### Listed records
== Segment start ==
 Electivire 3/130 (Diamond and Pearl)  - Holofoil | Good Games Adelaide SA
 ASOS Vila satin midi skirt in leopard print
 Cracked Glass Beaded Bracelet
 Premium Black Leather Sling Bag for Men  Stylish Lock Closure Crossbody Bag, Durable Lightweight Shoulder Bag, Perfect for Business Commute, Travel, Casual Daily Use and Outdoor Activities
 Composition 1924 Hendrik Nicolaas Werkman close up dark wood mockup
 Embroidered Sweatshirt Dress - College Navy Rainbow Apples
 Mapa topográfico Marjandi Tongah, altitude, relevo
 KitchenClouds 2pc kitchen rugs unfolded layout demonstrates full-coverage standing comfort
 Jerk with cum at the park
== Segment end ==
### Exercise brief
Starting at the line that contains "KitchenClouds 2pc kitchen", repeat each line exactly through the last one in the listing. Include both of those lines and nothing more.

### Problem solution
 KitchenClouds 2pc kitchen rugs unfolded layout demonstrates full-coverage standing comfort
 Jerk with cum at the park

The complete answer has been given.